Is popular music a mass produced commodity or a true art form?
Our fifth lecture was all about popular music and the concept of mass consumption. We looked at the movie ‘A Hard Day’s Night’ and discussed how ‘The Beatles’ changed the face of modern music. We discussed how from the 1960’s onwards, music became very repetitive and it didn’t matter what genre of music you listened to they all carried a lyrical/rhythmical pattern. John Storey describes this process as ‘commercial exhaustion’; once a certain pattern is proven successful it is used again and again until its popularity fades.
Such repetitive popular music is seen as creating passive listening, mass produced for easy consumption. One example from the lecture was that Motown was actually created from a play on the words Motor city, which was a city in Detroit famous for its mass production car line and then later for its production of some of the greats music of its time (quickly labeled however as a mass produced production line.)

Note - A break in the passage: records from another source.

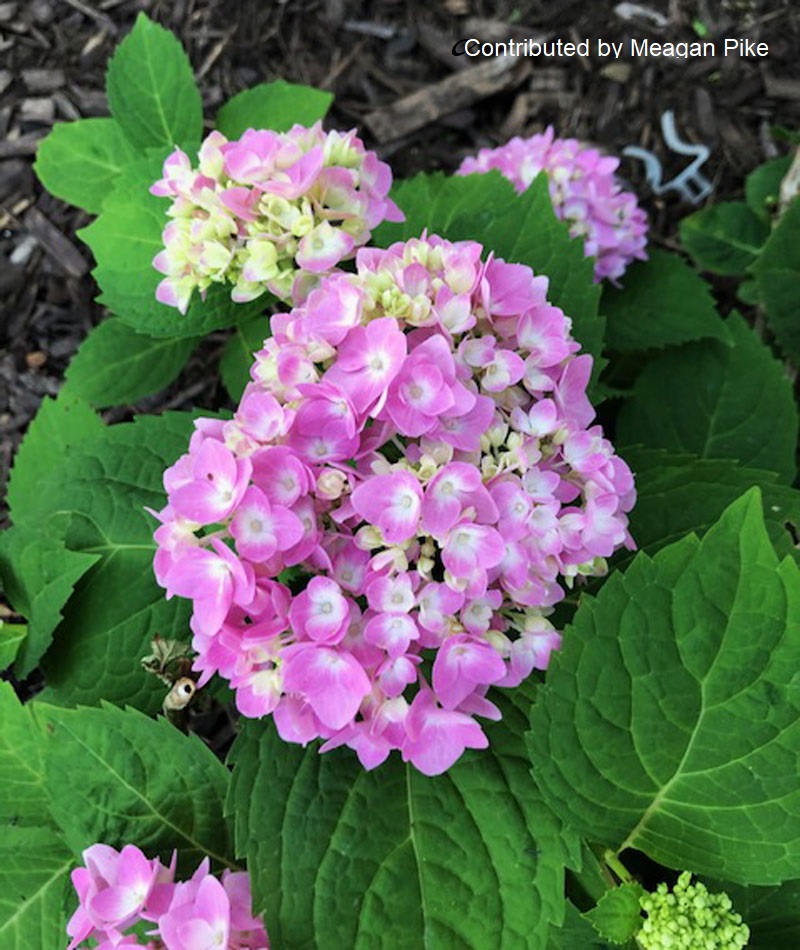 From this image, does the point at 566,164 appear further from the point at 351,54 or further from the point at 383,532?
the point at 383,532

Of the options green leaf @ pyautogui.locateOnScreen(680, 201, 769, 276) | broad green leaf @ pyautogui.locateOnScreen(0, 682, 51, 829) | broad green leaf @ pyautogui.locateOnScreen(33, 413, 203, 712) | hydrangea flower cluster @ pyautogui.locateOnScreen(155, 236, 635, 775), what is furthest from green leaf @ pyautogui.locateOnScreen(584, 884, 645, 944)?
green leaf @ pyautogui.locateOnScreen(680, 201, 769, 276)

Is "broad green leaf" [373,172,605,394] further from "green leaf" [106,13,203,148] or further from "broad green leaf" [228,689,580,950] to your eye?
"green leaf" [106,13,203,148]

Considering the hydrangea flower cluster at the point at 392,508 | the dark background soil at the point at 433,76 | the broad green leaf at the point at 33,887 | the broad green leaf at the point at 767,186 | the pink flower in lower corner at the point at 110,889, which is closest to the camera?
the hydrangea flower cluster at the point at 392,508

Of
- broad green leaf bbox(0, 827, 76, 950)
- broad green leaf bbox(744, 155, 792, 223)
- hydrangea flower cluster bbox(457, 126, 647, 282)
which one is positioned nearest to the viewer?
broad green leaf bbox(0, 827, 76, 950)

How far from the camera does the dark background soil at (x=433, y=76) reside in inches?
110

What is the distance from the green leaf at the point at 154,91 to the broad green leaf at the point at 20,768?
4.22 feet

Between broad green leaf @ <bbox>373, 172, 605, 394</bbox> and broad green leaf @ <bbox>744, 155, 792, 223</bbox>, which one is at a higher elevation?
broad green leaf @ <bbox>373, 172, 605, 394</bbox>

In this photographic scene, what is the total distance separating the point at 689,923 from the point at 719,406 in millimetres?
1219

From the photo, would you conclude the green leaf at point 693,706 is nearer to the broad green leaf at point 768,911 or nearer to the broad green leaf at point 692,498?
the broad green leaf at point 768,911

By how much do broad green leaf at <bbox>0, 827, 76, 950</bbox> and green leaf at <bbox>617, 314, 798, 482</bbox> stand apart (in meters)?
1.43

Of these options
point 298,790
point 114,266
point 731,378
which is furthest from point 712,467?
point 114,266

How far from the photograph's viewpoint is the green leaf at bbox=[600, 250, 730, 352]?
2.15 m

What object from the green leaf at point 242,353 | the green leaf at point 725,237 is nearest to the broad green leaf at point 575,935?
the green leaf at point 242,353

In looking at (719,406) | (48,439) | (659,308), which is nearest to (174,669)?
(48,439) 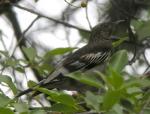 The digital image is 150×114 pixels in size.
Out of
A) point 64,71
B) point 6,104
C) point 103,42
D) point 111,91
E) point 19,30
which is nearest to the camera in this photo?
point 111,91

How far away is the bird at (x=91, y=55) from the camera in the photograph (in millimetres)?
4246

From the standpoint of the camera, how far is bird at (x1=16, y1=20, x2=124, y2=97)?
13.9 ft

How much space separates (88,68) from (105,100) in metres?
1.93

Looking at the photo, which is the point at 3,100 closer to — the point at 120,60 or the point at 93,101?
the point at 93,101

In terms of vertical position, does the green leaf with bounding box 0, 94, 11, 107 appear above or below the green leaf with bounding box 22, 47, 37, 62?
below

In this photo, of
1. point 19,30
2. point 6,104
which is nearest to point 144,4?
point 19,30

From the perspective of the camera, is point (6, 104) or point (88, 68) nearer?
point (6, 104)

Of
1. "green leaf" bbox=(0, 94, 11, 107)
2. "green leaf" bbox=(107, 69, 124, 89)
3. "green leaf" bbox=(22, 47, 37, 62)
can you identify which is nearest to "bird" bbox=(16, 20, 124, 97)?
"green leaf" bbox=(22, 47, 37, 62)

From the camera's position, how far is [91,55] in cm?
488

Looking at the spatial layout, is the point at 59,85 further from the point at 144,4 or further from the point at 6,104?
the point at 144,4

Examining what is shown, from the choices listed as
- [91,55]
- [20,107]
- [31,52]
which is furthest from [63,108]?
[91,55]

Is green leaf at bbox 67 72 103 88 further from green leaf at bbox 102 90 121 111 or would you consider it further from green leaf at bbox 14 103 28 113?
green leaf at bbox 14 103 28 113

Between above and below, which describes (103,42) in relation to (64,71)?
above

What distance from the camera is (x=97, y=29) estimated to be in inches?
225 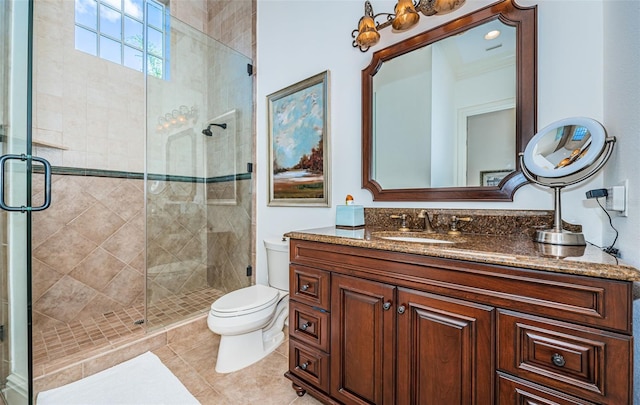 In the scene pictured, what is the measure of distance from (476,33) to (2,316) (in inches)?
105

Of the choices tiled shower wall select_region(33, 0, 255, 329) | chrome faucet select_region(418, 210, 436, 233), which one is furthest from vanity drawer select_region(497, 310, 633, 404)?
tiled shower wall select_region(33, 0, 255, 329)

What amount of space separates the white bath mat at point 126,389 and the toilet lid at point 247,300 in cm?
45

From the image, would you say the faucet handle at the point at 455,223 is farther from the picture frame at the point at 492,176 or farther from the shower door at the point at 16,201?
the shower door at the point at 16,201

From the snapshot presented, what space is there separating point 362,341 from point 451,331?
373 millimetres

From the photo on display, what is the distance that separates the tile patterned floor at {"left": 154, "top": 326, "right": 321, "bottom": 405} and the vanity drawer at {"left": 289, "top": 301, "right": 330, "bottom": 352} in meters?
0.38

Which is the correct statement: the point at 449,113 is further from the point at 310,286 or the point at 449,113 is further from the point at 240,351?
the point at 240,351

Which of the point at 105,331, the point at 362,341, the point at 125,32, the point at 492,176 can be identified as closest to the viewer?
the point at 362,341

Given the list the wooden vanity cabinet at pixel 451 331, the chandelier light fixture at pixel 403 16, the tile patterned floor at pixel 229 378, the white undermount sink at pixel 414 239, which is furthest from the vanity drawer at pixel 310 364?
the chandelier light fixture at pixel 403 16

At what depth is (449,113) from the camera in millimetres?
1425

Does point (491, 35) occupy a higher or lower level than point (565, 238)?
higher

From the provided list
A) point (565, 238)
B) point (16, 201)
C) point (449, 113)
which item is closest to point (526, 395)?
point (565, 238)

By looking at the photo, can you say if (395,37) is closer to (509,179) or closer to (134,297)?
(509,179)

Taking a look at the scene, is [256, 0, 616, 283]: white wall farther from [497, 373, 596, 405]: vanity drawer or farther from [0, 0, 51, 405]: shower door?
[0, 0, 51, 405]: shower door

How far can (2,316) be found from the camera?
129 centimetres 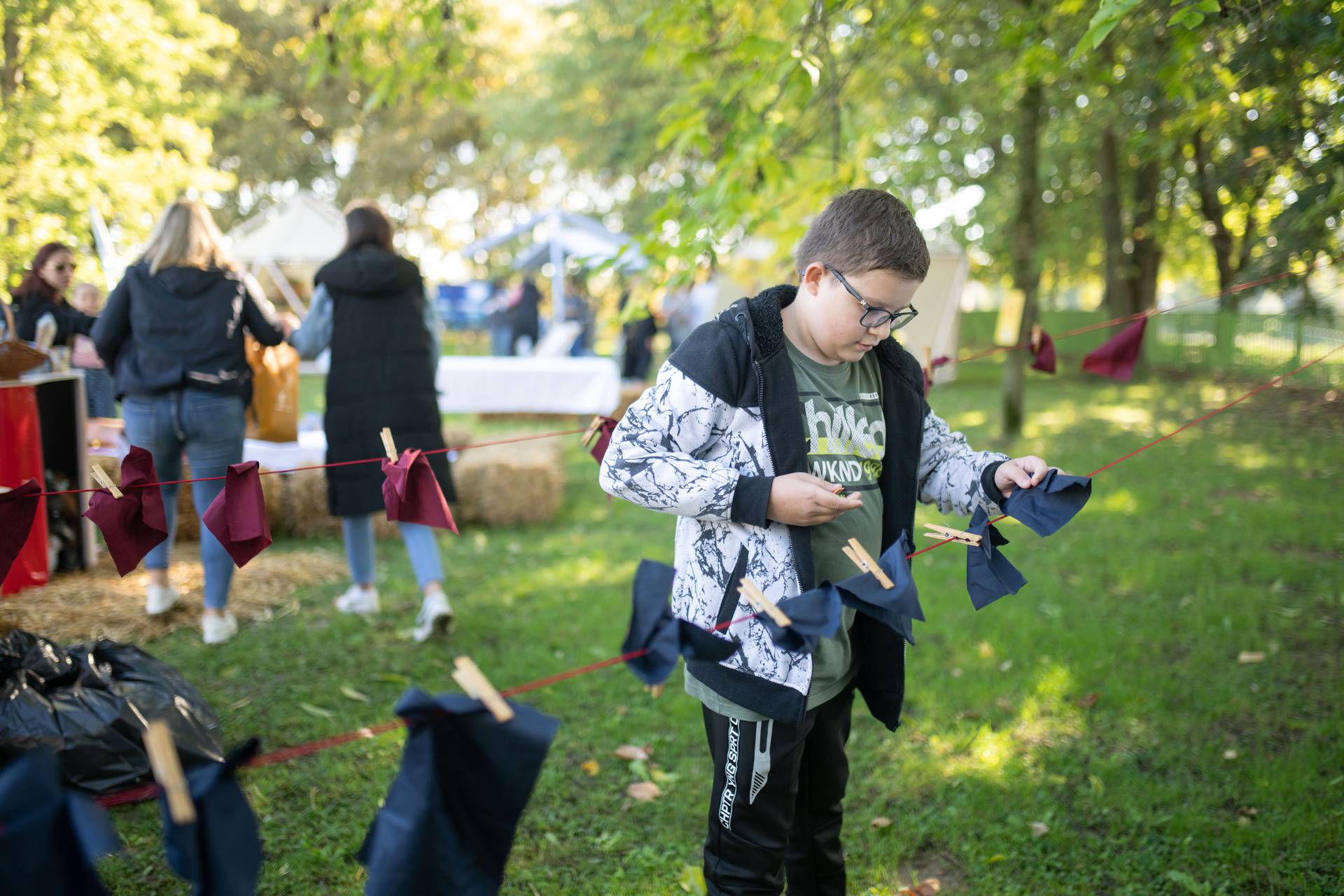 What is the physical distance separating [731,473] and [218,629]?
3.74 metres

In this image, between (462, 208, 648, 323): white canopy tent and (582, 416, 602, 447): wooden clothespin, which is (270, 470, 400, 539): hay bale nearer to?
(582, 416, 602, 447): wooden clothespin

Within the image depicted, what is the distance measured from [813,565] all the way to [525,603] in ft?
12.0

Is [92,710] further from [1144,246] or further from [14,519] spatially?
[1144,246]

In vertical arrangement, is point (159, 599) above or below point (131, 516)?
below

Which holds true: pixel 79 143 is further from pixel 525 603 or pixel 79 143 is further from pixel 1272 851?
pixel 1272 851

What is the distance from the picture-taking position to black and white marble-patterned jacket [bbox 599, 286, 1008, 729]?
6.19 feet

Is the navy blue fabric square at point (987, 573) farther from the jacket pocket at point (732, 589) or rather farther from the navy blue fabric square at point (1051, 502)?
the jacket pocket at point (732, 589)

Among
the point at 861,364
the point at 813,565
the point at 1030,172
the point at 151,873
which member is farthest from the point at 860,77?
the point at 151,873

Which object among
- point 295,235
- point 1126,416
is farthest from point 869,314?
point 295,235

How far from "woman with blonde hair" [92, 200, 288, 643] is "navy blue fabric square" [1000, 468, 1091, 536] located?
11.8ft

We then went on to discuss the modern view of Consumption as an active process that we take part in everyday and that we are a post-modern culture created by productive consumers. We are as important as the text we are interpreting; people change the commodities to suit their lives. For me Simran’s conclusion summed up the lecture perfectly; consumption is an active, creative and productive process, concerned with pleasure, identity and the production of meaning. We are not just passive consumers but instigators of change.